The death of a marriage

How does the end begin? Usually a little at a time with one or both people deciding that something or someone else is worth more time than their spouse.

The wife sits here today facing the end of her marriage. The death of a dream. Her heart is breaking and it is all she can do to keep from breaking down.

The husband and wife used to be happy. Then came the pulling away, the spending more time with friends than with spouse, telling the wife that she is not wanted nor is she welcome to come along, the excessive drinking and resulting temper problems, the foul names, the coming home all hours of the morning on the weekends, while the wife lays in bed, praying that he is ok, that he isn’t out there getting in a wreck, having an affair or any other myriad things that cross a wife’s mind when she is told her husband will be home at a certain time and after a look at the clock it shows the time is two hours past when he says he will be home and still no call or text from him and he is not answering his wife’s calls or texts.

Then there come the phone calls and text messages at all hours of the day and night from a mysterious someone. Someone the husband won’t tell his wife about at first. Phone calls that take him out of the room so that the wife can’t hear what is being said. Text messages that came to the husband while out with the wife shopping, while at dinner at his parents. Finding out that this person taking up so much of the husband’s time has only just turned 19, newly moved to the area, is the husband’s coworker, not to mention 11 years his junior. Finding out that this little girl has been over to the house while the wife was at work, spending time with the husband and the two year old daughter.

There’s the night where the husband has stayed out, literally all night. Not answering phone calls or texts and even shutting the phone off after 3:00 in the morning. Coming home at 7:30 in the morning, ignoring the wife, going to bed, grabbing his rosary and saying it until he falls asleep. Never answering where he was or what he did. Finding out later that the last phone call that was made from the husband’s phone around 2:30 in the morning was to the 19 year old girl. The wife is not Catholic but knows that saying the rosary for a husband who is not religious really in any way is a BIG DEAL.

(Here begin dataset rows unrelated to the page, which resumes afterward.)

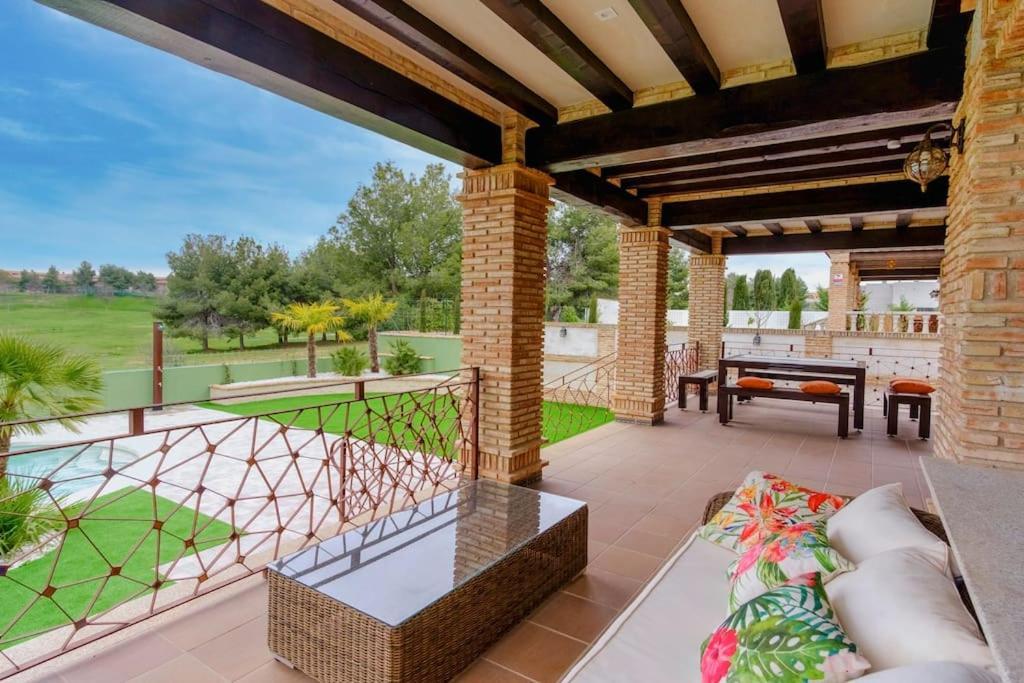 Villa Luxe Experience Toledo * Pool * Bbq * Billar
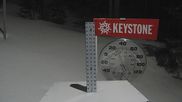 Archiviertes Webcam Bild: Schneehöhe Keystone am 12.04.2026 um 10:41 Uhr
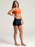 Free Fly Wavebound Surf Boardshorts-Black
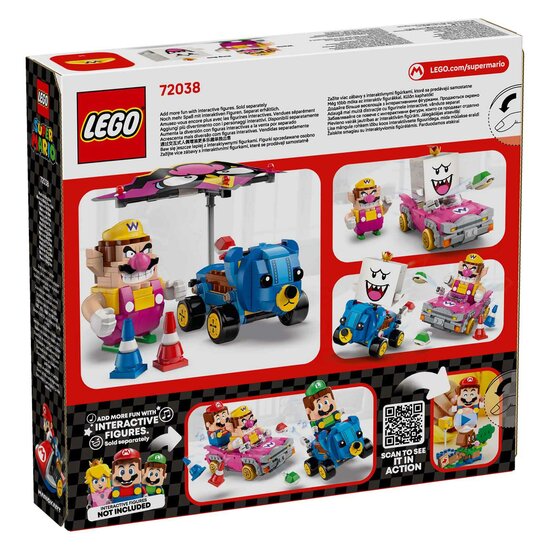 LEGO Super Mario 72038 Wario en King Boo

Then after that there’s the Sunday night where the husband is out, needing “space”, and the wife has an idea that he isn’t where he says he is going so she goes over to the little girl’s apartment to check things out and sure enough, the car the husband drives is in front of the complex so the wife takes pictures on her camera phone for proof. He comes home between 1 and 2 in the morning and when the wife asks him what he did and where he went he says to Home Depot and to a couple of bars. The wife then asks the husband if he went anywhere else. There’s the slight hesitation then, “No.” The wife asks again, “Are you sure you didn’t go anywhere else?” Again the husband answers no. The wife then pulls up the pictures on her phone of the car and asks if the husband didn’t go anywhere else, then would he mind explaining where these pictures were taken. Dead silence from the husband. No answer at first for several minutes. Then the husband tries to say that the minor asked him to bring her some alcohol so he obliged her and stayed there for a little while. The wife knows that “a little while” was longer than 30 minutes. The amount of time she sat in her vehicle outside of the apartment was about 30 minutes and the car the husband was driving was there before the wife pulled up and after the wife left.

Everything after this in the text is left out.